IT ADVISER
‘Responsive’ Web sites not always the best fit
Your practice Web site can give up a lot to fit laptops, tablets and smartphones all at once.
By Joe Dysart
Joe Dysart is an Internet speaker and business consultant based in Manhattan. His e-mail is joe@joedysart.com; Web site is www.joedysart.com. |
While often touted as the ultimate solution for the variety of screen sizes Web sites must accommodate, one-size-fits-all Web design is actually a trade-off that often end up as more trouble than it is worth.
The problem: These “responsive Web sites,” as they’re known — sites that auto-sense the screen size of the device and then reconfigure the text and graphics to fit — often render on desktop PCs with ridiculously large text and other overblown features that are tedious to wade through.
The impetus behind the approach makes sense. Web designers using responsive design take great pains to ensure that anything that appears on traditionalsized Web site will look good on the smallest of screens, even a smartphone.
“We are heavily pushing responsive Web sites to our new clients and updating a lot of existing sites to include this functionality.”
— Rupinder Dhariwal
NEW STANDARD
“Responsive Web site design has become the new standard,” says Ulf Lonegren, co-owner of Roketto (roket.to), a Web-design agency in Kelowna, British Columbia.

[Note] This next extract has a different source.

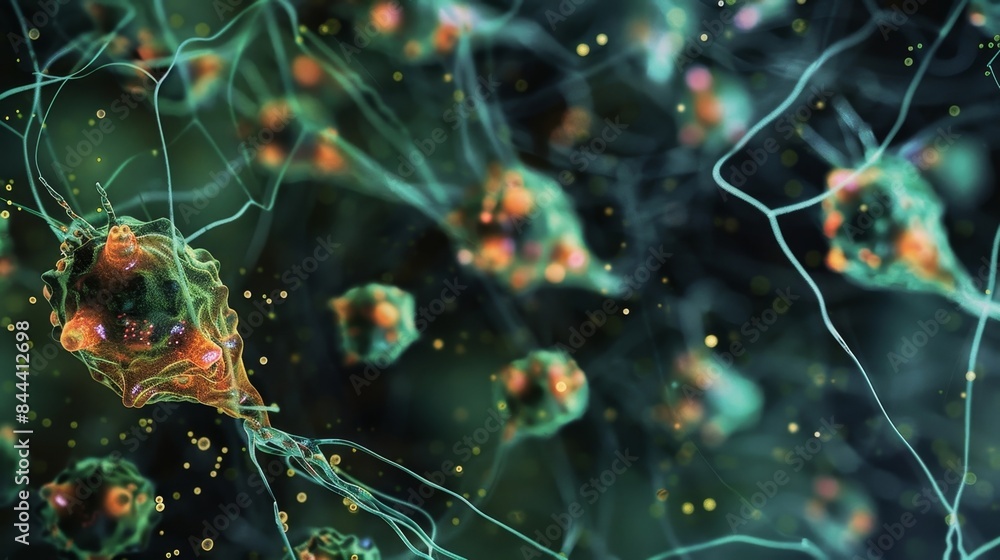 Poster image of autoreactive t cells attacking and damaging a section of the myelin sheath in a case of gui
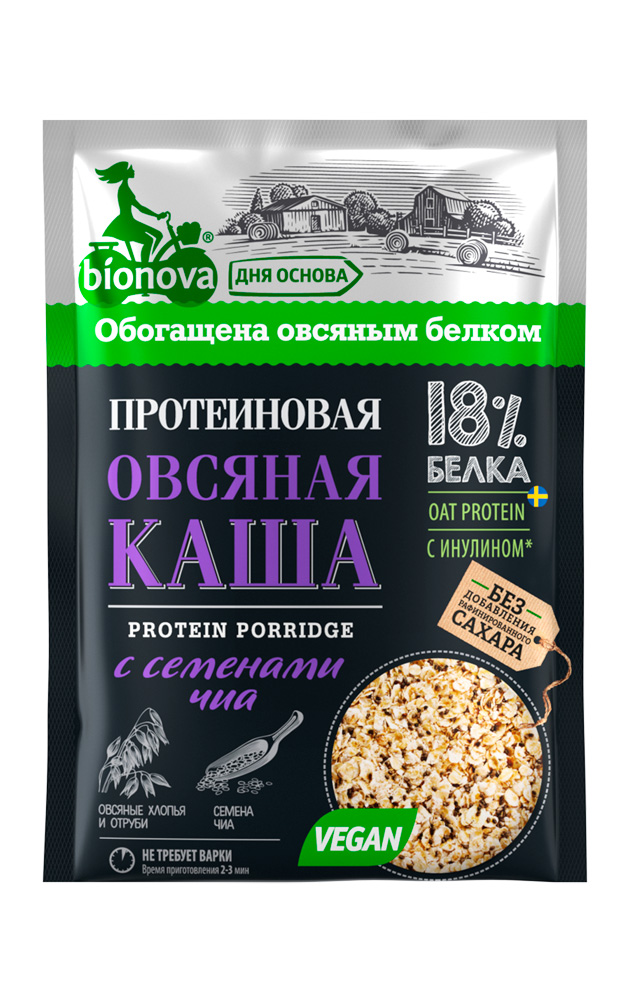 Protein oat porridge Bionova® with chia ceeds (vegan protein)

Adds Rupinder Dhariwal, co-founder, Creative Cranes (www.creativecranes.com), a firm that designs sites for ophthalmology practices: “We are heavily pushing responsive Web sites to our new clients and updating a lot of existing sites to include this functionality.”
Plus, by sticking with one Web site for all screen sizes, practices can generally save on design costs instead of maintaining one site for desktops and laptops, a second for tablets and a third for smartphones. “Updates are also easier to apply to versions for all screen resolutions since there is no need to work on multiple Web-site versions,” says Michael Dobkowski, president of the Web-design firm, Glacial Multimedia (www.glacial.com).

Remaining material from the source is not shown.